The British Esports Association, the not-for-profit organisation set up to promote and support grassroots esports, has announced changes to its British Esports Championships for students aged 12 and above.
For the first time, secondary schools and further education (FE) colleges in the UK and Ireland will now be able to face one another in the same league. Previously, the school championships were separate to the college championships.
The changes will come into effect from the Winter 2019 Season, which starts on the week beginning October 14th and runs until the week ending December 13th. Teams can sign up to participate here.
The British Esports Championships consist of two seasons of organised competitive PC-gaming each year: Winter 2019 and Spring 2020. The winner of each season will once again face one another at the live grand finals at the Insomnia Gaming Festival in April.

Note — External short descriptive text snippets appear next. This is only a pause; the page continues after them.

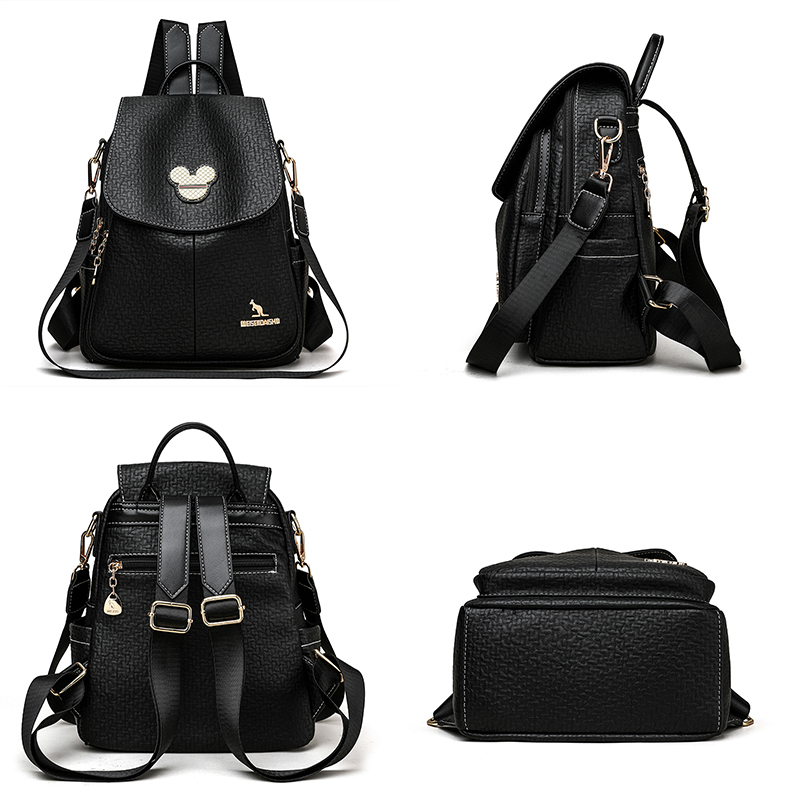 2024 Luxury Travel Backpack Fa - Women'S Bags Jacquemus ulasan dan harga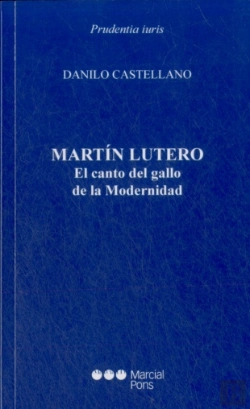 Bertrand.pt - Martín Lutero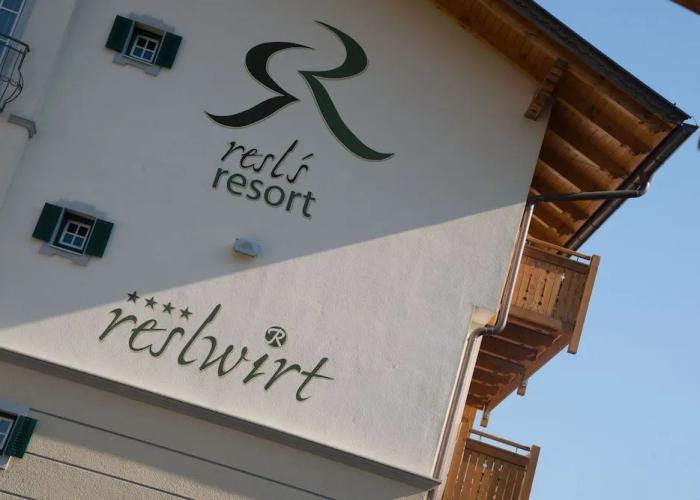 RESL Resort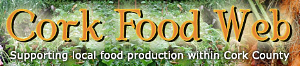 Cork Food Web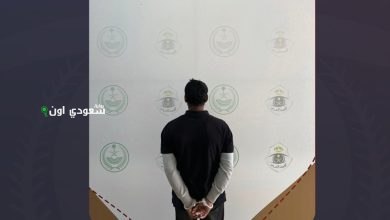 شرطة القصيم تلقي القبض على مقيماً بتهمة التحرش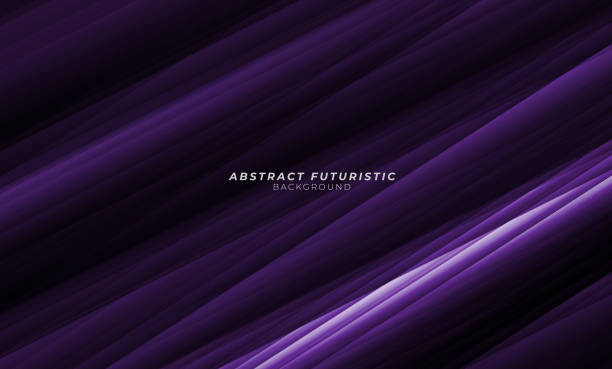 istock Background futuristic geometric and seamless pattern gradients design. Abstract futuristic background, Abstract art wallpaper. 1332807468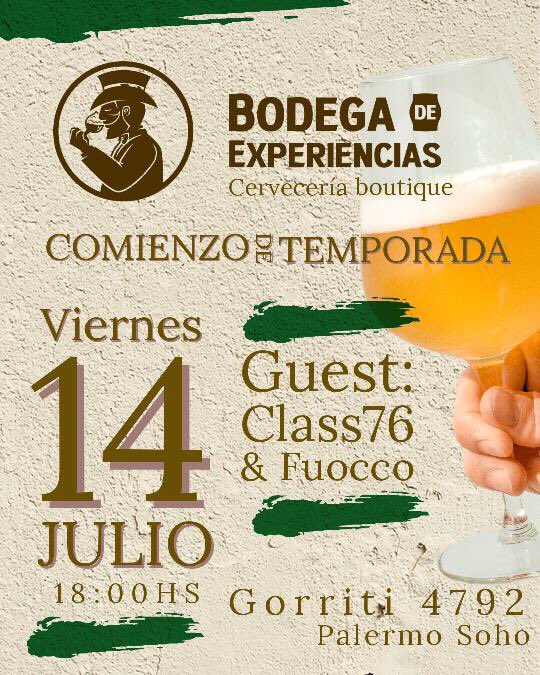 fuocco_'s tweet photo. Hoy! Inauguración!
Mi set 19hs. Luego CLASS 76.
Vengan a brindar!
#fuocco #djset #musica #nudisco #funk #palermo #nochedeviernes https://t.co/xtrRBfjQn6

The 2018/2019 winners received jerseys, trophies and professional-level coaching, as well as some in-game goodies – for example our League of Legends winners received the rare Triumphant Ryze skins and coaching from Excel Esports at Twickenham Stadium.
Tom Dore, British Esports Association Head of Education, commented: “Esports is open to everyone. By bringing schools and colleges together, we are not segregating by age, but promoting inclusivity, giving young talent a greater challenge – and being more mindful of our finalists’ on-stage time.
“With three age-appropriate games in our Championships – League of Legends, Overwatch and Rocket League – this meant that there were previously six separate Championships and six finals come the end of the season. By amalgamating schools and colleges, not only does this make the Championships more exciting with more participants, it also means we can accommodate more on-stage finals and focus on providing a better quality tournament.
“I’m delighted to announce that all of our eventual 2019-2020 finalists will have on-stage matches in spring 2020 at the Insomnia66 Gaming Festival at the Birmingham NEC.”
The British Esports Association has once again partnered with the Twitch Student Program, AoC Sport (part of the Association of Colleges) and epic.LAN for the Championships, which allow students to represent their schools and colleges in weekly matches every Wednesday afternoon.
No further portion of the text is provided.